Data, and more specifically using data, is not a new concept, but it remains an elusive one. It comes with terms like “the internet of things” (IoT) and “the cloud,” and no matter how often those are explained, smart people can still be confused. And then there’s the amount of information available and the speed with which it comes in. Software is omnipresent. It’s in coffeemakers and watches, gathering data every second. The question becomes how to take all the new technology and take advantage of the potential insights and analytics. It’s not a small ask.
“Putting our arms around what digital transformation is can be difficult to do,” says Abel Sanchez. But as the executive director and research director of MIT’s Geospatial Data Center, that’s exactly what he does with his work in helping industries and executives shift their operations in order to make sense of their data and be able to use it to help their bottom lines.
Handling the pace
Data can lead to making better business decisions. That’s not a new or surprising insight, but as Sanchez says, people still tend to work off of intuition. Part of the problem is that they don’t know what to do with their available data, and there’s usually plenty of available data. Part of that problem is that there’s so much information being produced from so many sources. As soon as a person wakes up and turns on their phone or starts their car, software is running. It’s coming in fast, but because it’s also complex, “it outperforms people,” he says.
As an example with Uber, once a person clicks on the app for a ride, predictive models start firing at the rate of 1 million per second. It’s all in order to optimize the trip, taking into account factors such as school schedules, roadway conditions, traffic, and a driver’s availability. It’s helpful for the task, but it’s something that “no human would be able to do,” he says.
The solution requires a few components. One is a new way to store data. In the past, the classic was creating the “perfect library,” which was too structured. The response to that was to create a “data lake,” where all the information would go in and somehow people would make sense of it. “This also failed,” Sanchez says.
Data storage needs to be re-imaged, in which a key element is greater accessibility. In most corporations, only 10-20 percent of employees have the access and technical skill to work with the data. The rest have to go through a centralized resource and get into a queue, an inefficient system. The goal, Sanchez says, is to democratize the information by going to a modern stack, which would convert what he calls “dormant data” into “active data.” The result? Better decisions could be made.

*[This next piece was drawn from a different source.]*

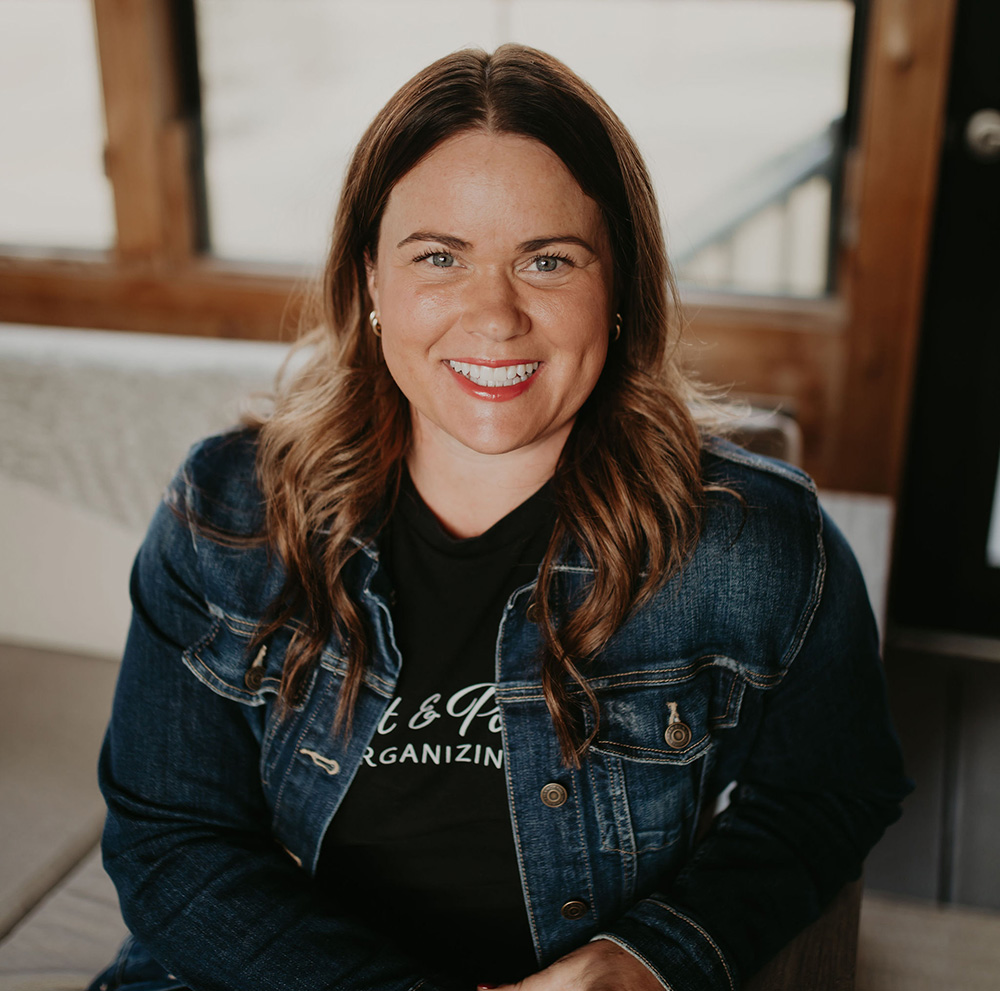 Cori McDougald, owner and lead professional organizer of Meat and Potatoes Organizing, smiling in a well-organized workspace. Specializing in organizing, relocation services, packing, and unpacking for homes and businesses in Edina, Minneapolis, and Saint Paul.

The first, big step companies need to take is the will to make the change. Part of it is an investment of money, but it’s also an attitude shift. Corporations can have an embedded culture where things have always been done a certain way and deviating from that is resisted because it’s different. But when it comes to data, a new approach is needed. Managing and curating the information can no longer rest in the hands of one person with the institutional memory. It’s not possible. It’s also not practical because companies are losing out on efficiency and productivity, because with technology, “What use to take years to do, now you can do in days,” Sanchez says.
The new player
The above exemplifies what’s been involved with coordinating data along four intertwined components: IoT, AI, the cloud, and security. The first two create the information, which then gets stored in the cloud, but it’s all for naught without robust security. But one relative newcomer has come into the picture. It’s blockchain technology, a term that is often said but still not fully understood, adding further to the confusion.
Sanchez says that information has been handled and organized a certain way with the World Wide Web. Blockchain is an opportunity to be more nimble and productive by offering the chance to have an accepted identity, currency, and logic that works on a global scale. The holdup has always been that there’s never been any agreement on those three components on a global scale. It leads to people being shut out, inefficiency, and lost business.
One example, Sanchez says, of blockchain’s potential is with hospitals. In the United States, they’re private and information has to be constantly integrated from doctors, insurance companies, labs, government regulators, and pharmaceutical companies. It leads to repeated steps to do something as simple as recognizing a patient’s identity, which often can’t be agreed upon. With blockchain, these various entities can create a consortium using open source code with no barriers of access, and it could quickly and easily identify a patient because it set up an agreement, and with it “remove that level of effort.” It’s an incremental step, but one which can be built upon that reduces cost and risk.
Another example — “one of the best examples,” Sanchez says — is what was done in Indonesia. Most of the rice, corn, and wheat that comes from this area is produced from smallholder farms. For the people making loans, it’s expensive to understand the risk of cultivating these plots of land. Compounding that is that these farmers don’t have state-issued identities or credit records, so, “They don’t exist in the modern economic sense,” he says. They don’t have access to loans, and banks are losing out on potential good customers.
With this project, blockchain allowed local people to gather information about the farms on their smartphones. Banks could acquire the information and compensate the people with tokens, thereby incentivizing the work. The bank would see the creditworthiness of the farms, and farmers could end up getting fair loans.
In the end, it creates a beneficial circle for the banks, farmers, and community, but it also represents what can be done with digital transformation by allowing businesses to optimize their processes, make better decisions, and ultimately profit.
“It’s a tremendous new platform,” Sanchez says. “This is the promise.”